Task: Word for word, retype the lines from the one containing "Hey guys, Tim" to the one containing "And a J for" below, keeping both end lines and dropping the pictures.

(Saved entries)
━━━
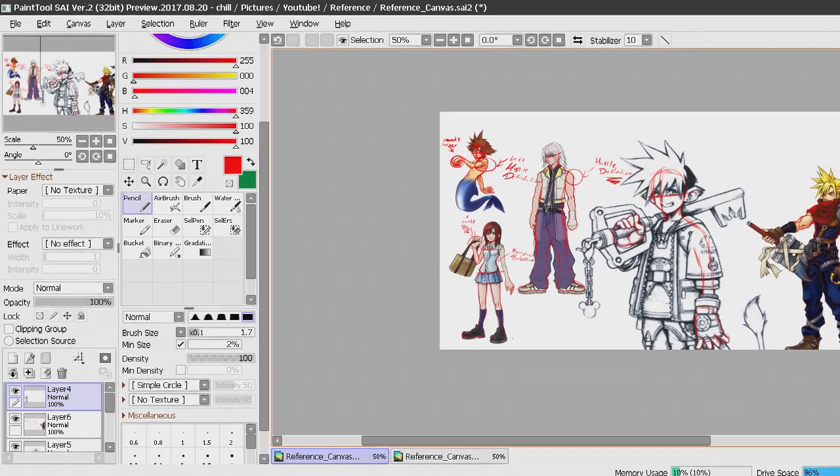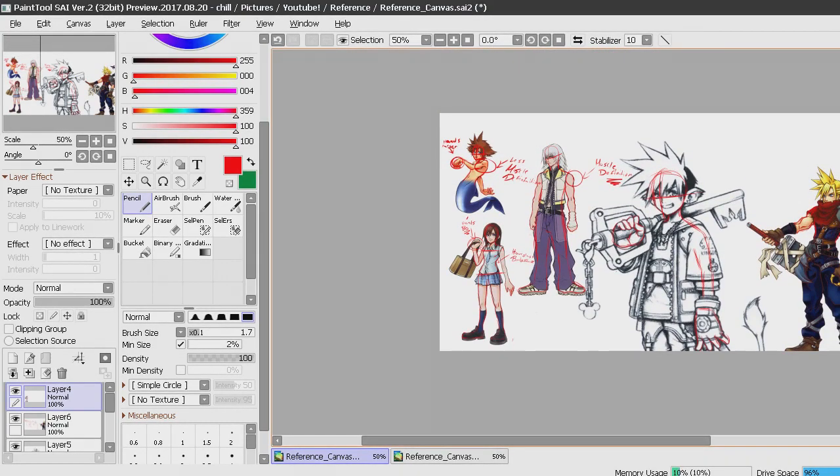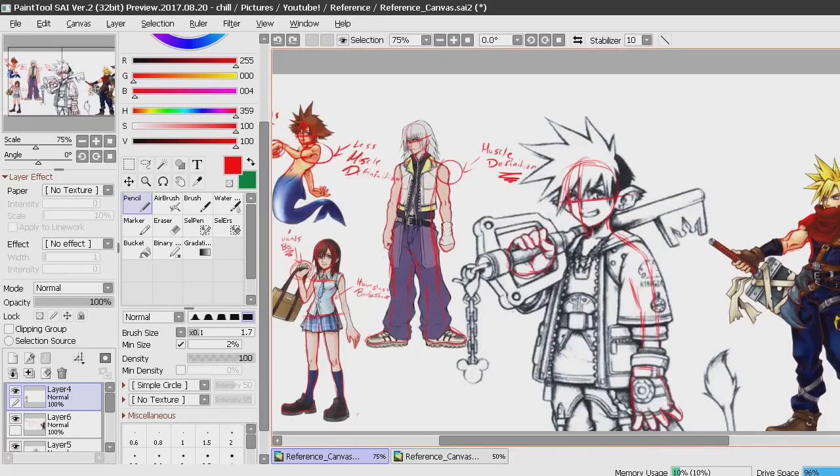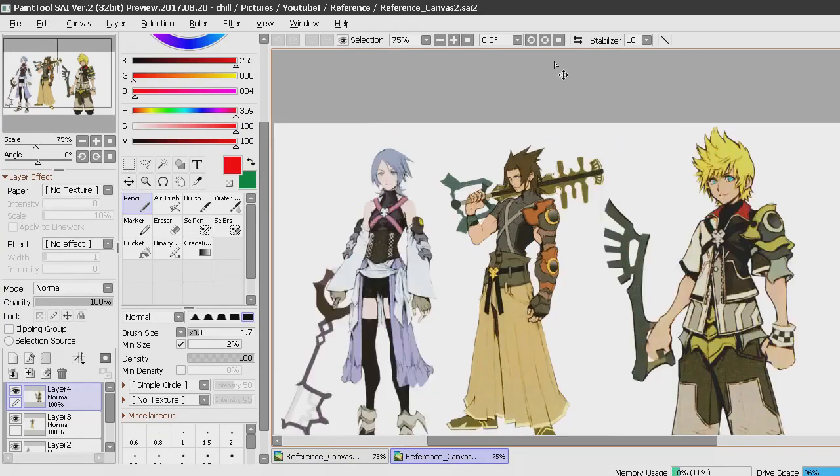If this video does well enough, as a bonus I might end up doing parts revolving around how he draws weapons and how he draws clothes. I'm definitely going to end up doing how he draws hair because I really like the way he draws it. I'd also like to cover how he draws eyes. I don't want to take up too much of your time, but moving on to reference canvas two, I have a couple better references.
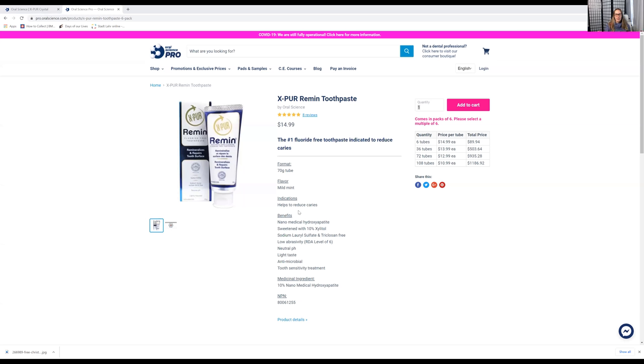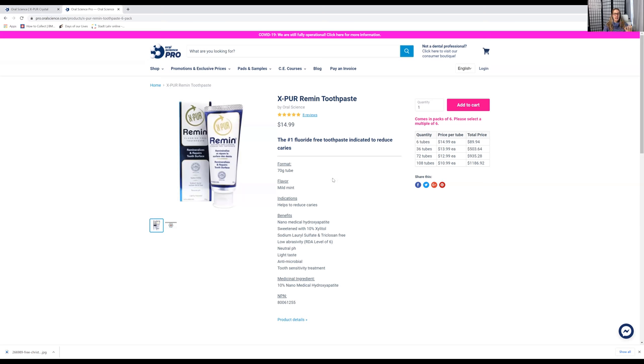I also wanted to mention that along with the desensitizer, I really like to recommend a toothpaste also sold by Oral Science called Remin. It has the same components as the desensitizer in toothpaste form, so it's like they're constantly reapplying that protective coating. Now this contains xylitol and does not contain sodium fluoride, so I also like to suggest a fluoride mouthwash so they're still getting the anti-caries benefits.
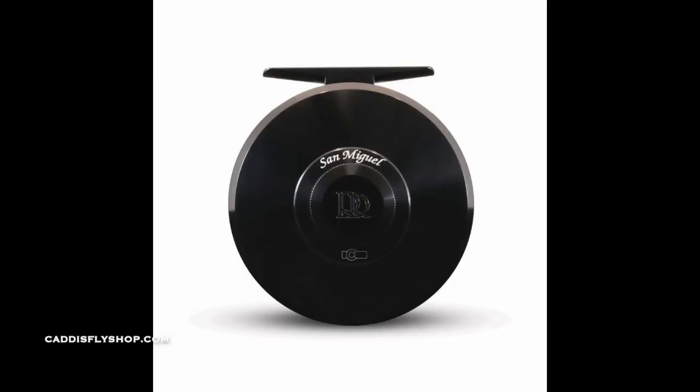Hey guys, Tim here at the Caddisfly Shop. Today we're going to look at the return of an iconic fishing reel that was first produced over two decades ago in Colorado. We are talking about none other than the famous San Miguel reel. It is an absolutely beautiful reel.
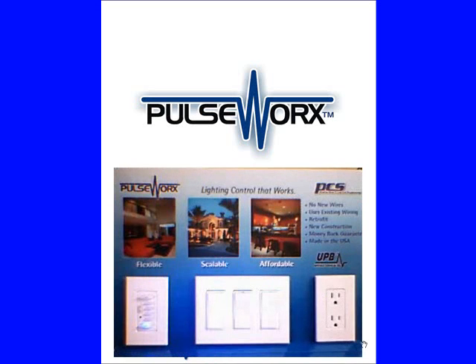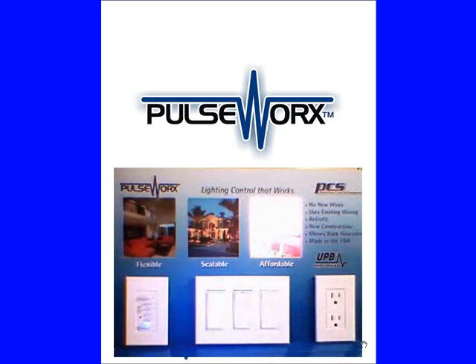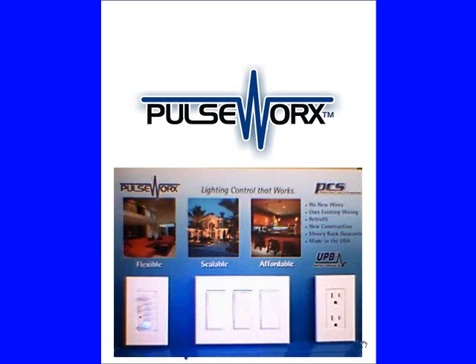PulseWorks switches come out of the factory as dimmers, which means when I tap the top rocker the light will dim on, and when I tap the bottom rocker the light will dim off. If I have a load that is non-dimming, I need to be able to change my device into a switch.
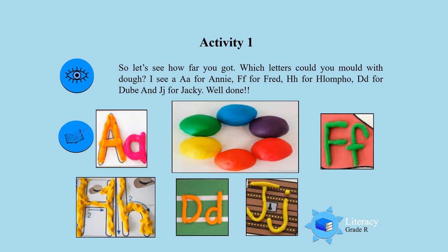And a J for Jackie. That is very good, boys and girls. Keep on practicing this activity. Well done.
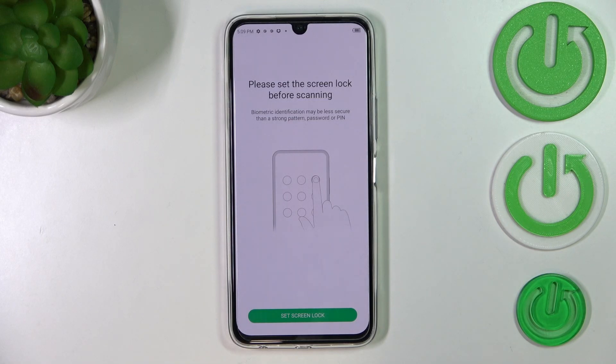Here we've got actually the very first step of adding the fingerprint, and it is the screen lock — so we have to set one. Of course, if you've already got one set, no worries, you will be transferred to another step. If not, you really have to do it right now because it will act like a backup pattern, PIN, or password. It simply means that if for some reason the fingerprint sensor won't work, you will still be able to unlock your device with the screen lock.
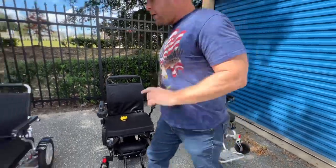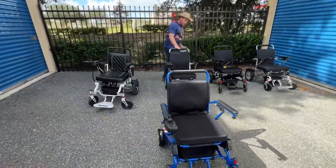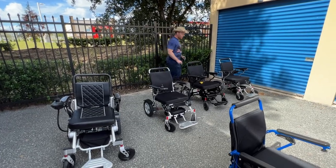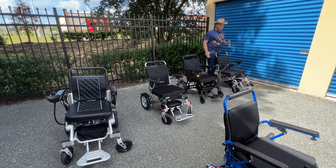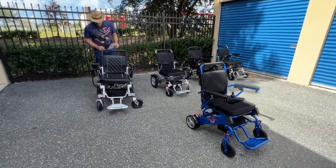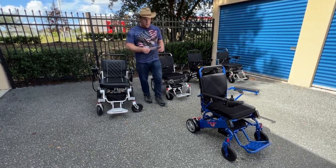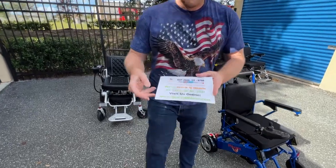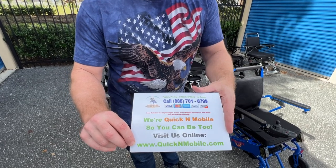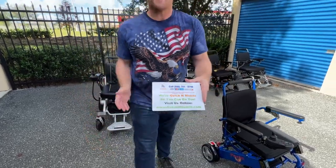So that creates our buyer's guide. Quick recap: the Falcon and Eagle are nearly identical — Falcon reclines, Eagle doesn't. The Electra 7 has a little bit more width. The Phoenix holds up to 265 pounds and is spectacular for indoors. The Evaluation Evolution is a spectacular chair with automatic folding and unfolding. Any questions about these chairs can be found at quickenmobile.com or give us a call. Thank you so much for watching!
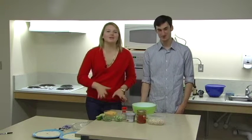Hey guys, welcome to College Kitchen. I'm Kristi, and I'm Jeremy. We're here to show you how to make some great easy meals that are really easy to whip up during a busy school week. We're going to be showing you how to make stuffed peppers and chicken taquitos. Let's get started.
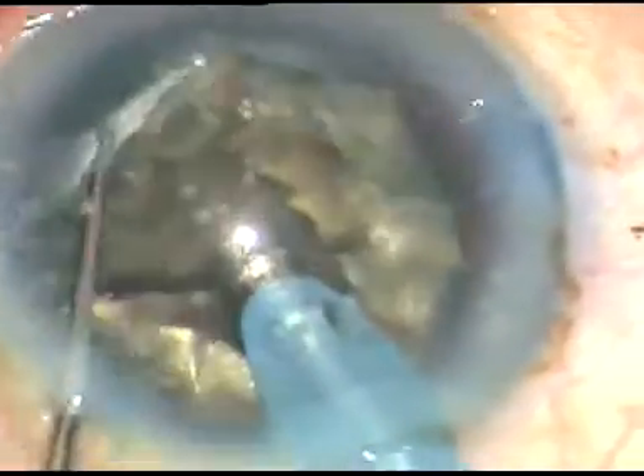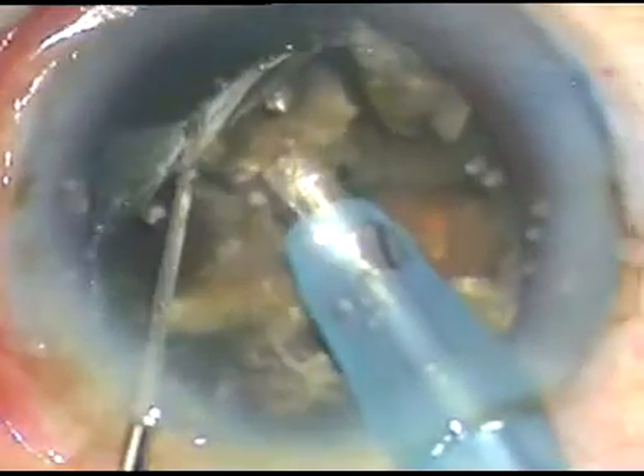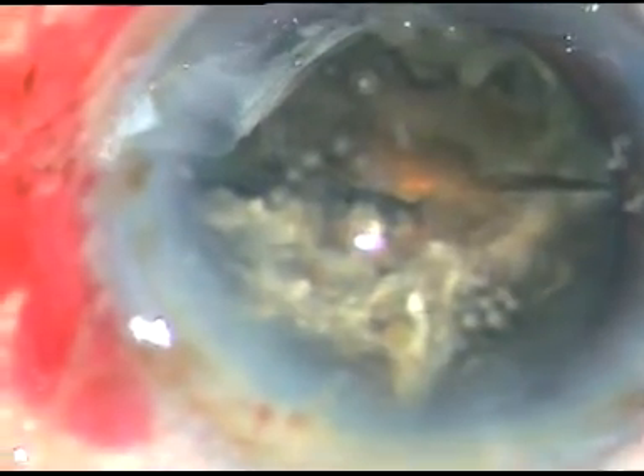Each hemi-nucleus is being chopped again to divide it into two parts. This is the other hemi-nucleus. Each hemi-nucleus is now being emulsified with ultrasonic energy. The phaco energy being used in Phaco 2 mode is 85%, flow rate is 40 ml per minute, and vacuum is 450 mmHg.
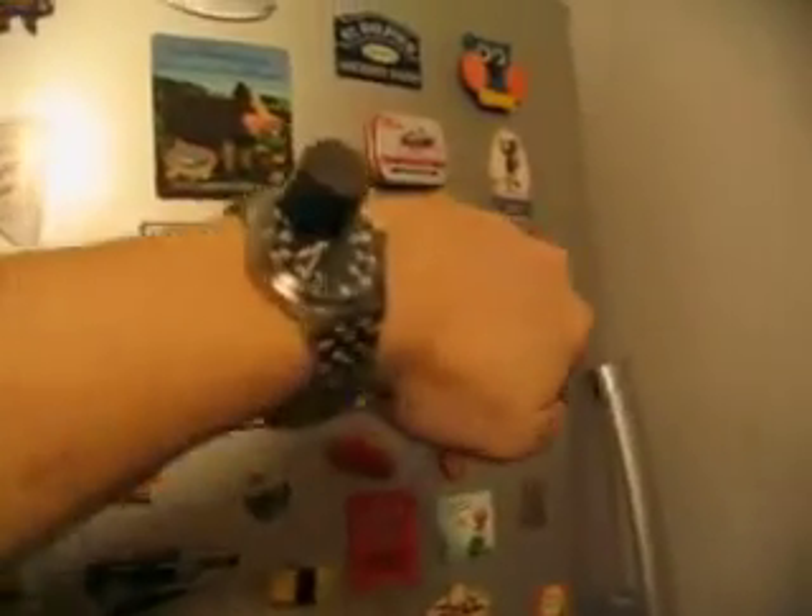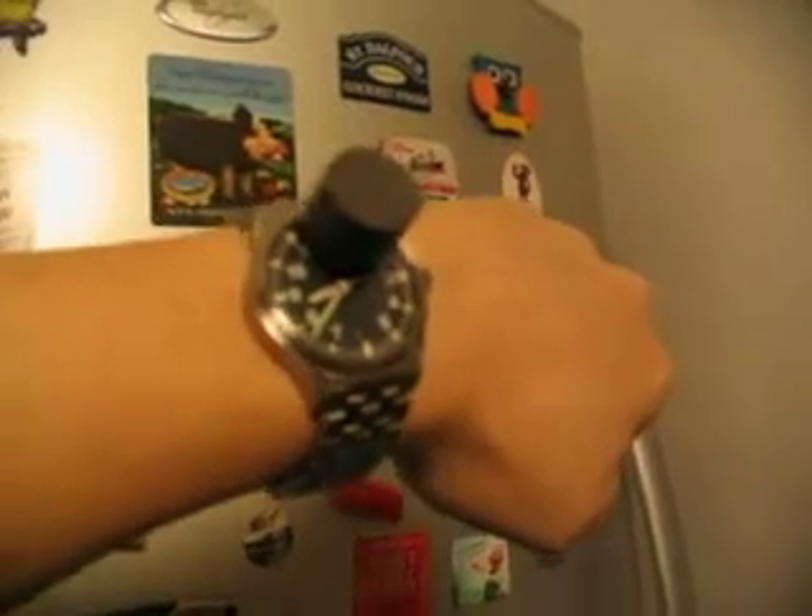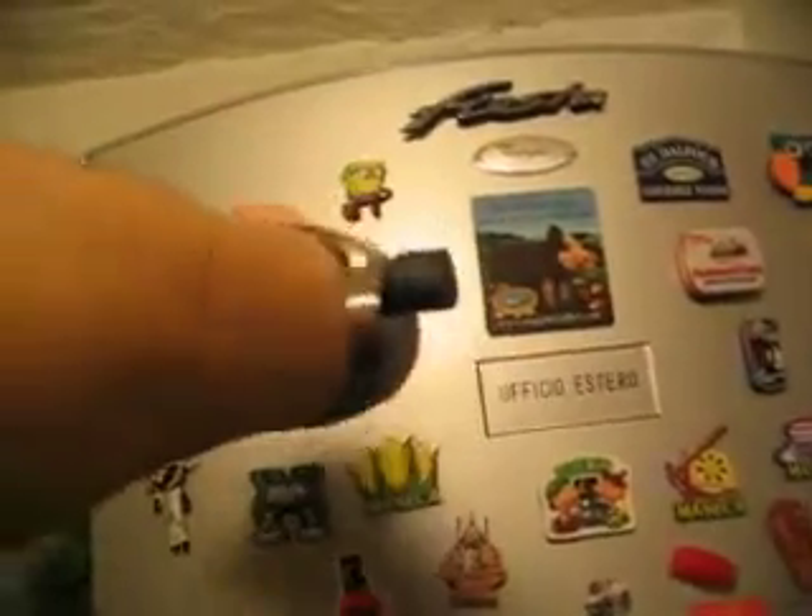Look, look — the hands are fantastic! The watch is keep going. The point thing is very good, you see? We test the different positions — fantastic, fantastic!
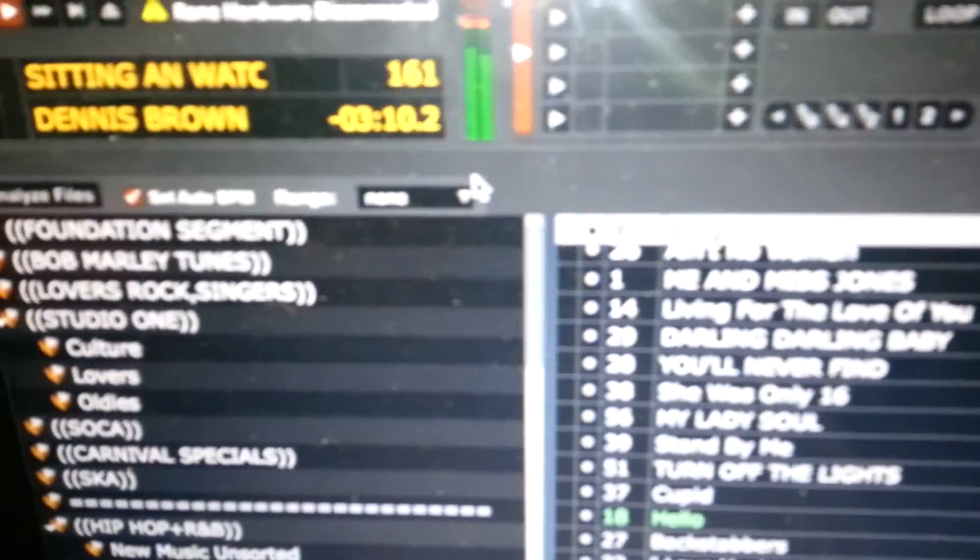Hey guys, what's up? It's your boy DJ Chris. I'm doing a quick tutorial on how to tempo tap your BPMs manually. Sometimes Serato reads BPMs and it's not always accurate — they're saying this Dennis Brown song is 161 BPMs.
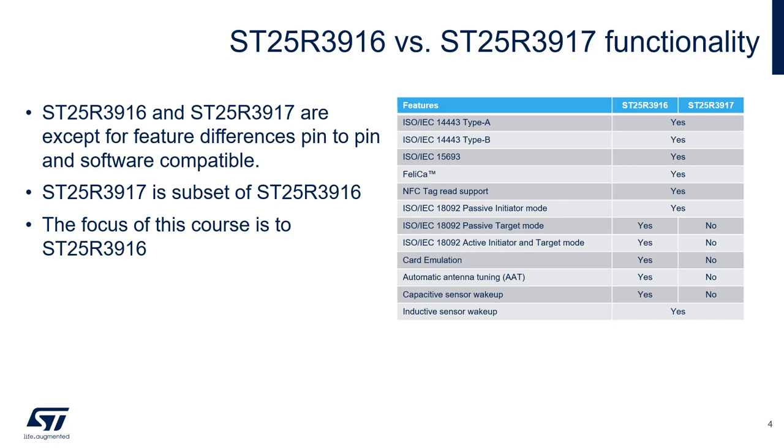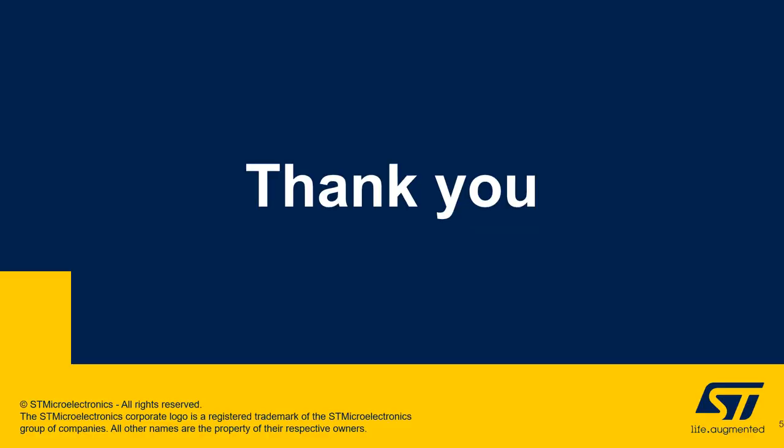Throughout the rest of the modules, the focus will be on the ST25R3916. Thank you for watching this presentation.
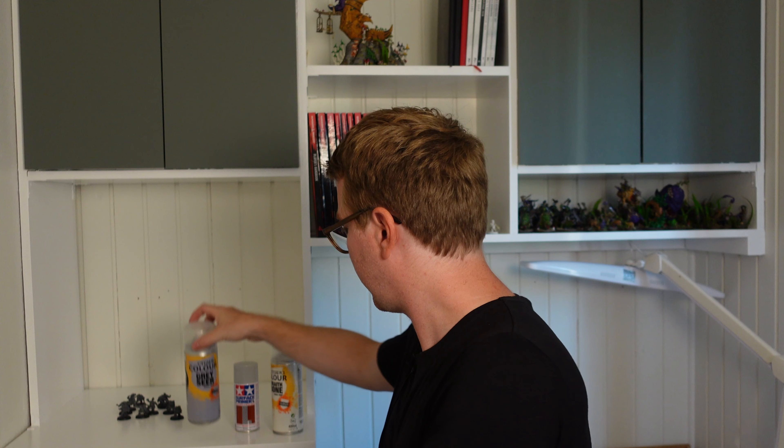Also remember, if you want to paint with contrast paint it is preferred that you prime with light colors. You can use the Citadel Greyseer and Wraithbone — these are good but not necessary for using contrast paint. They have a more shiny finish. I really like the Wraithbone but you can use other white colors. These just achieve a very nice finish compared to some of the others.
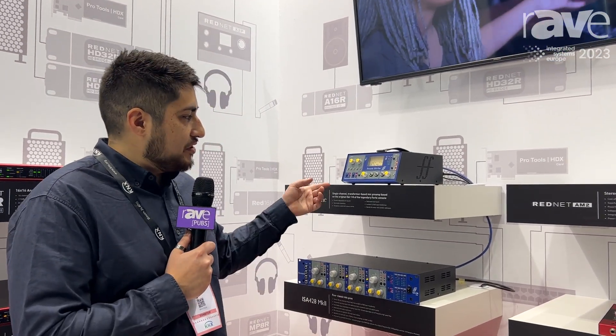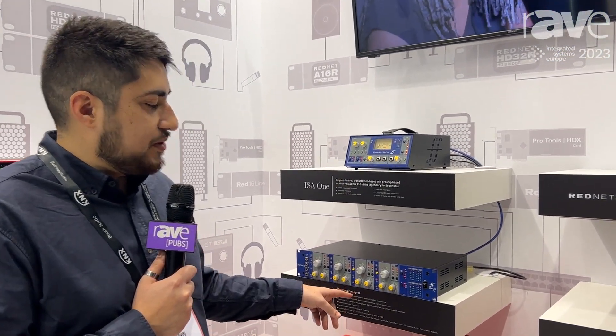Hey, it's Ben from Focusrite here at ISE. Just here to talk to you today about our ISA range. Today we've got the ISA 1 and the ISA 428 Mark II.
━━━
Response to this task:
Hey guys, Tim here at the Caddisfly Shop. Today we're going to look at the return of an iconic fishing reel that was first produced over two decades ago in Colorado. We are talking about none other than the famous San Miguel reel. It is an absolutely beautiful reel.
PulseWorks switches come out of the factory as dimmers, which means when I tap the top rocker the light will dim on, and when I tap the bottom rocker the light will dim off. If I have a load that is non-dimming, I need to be able to change my device into a switch.
And a J for Jackie. That is very good, boys and girls. Keep on practicing this activity. Well done.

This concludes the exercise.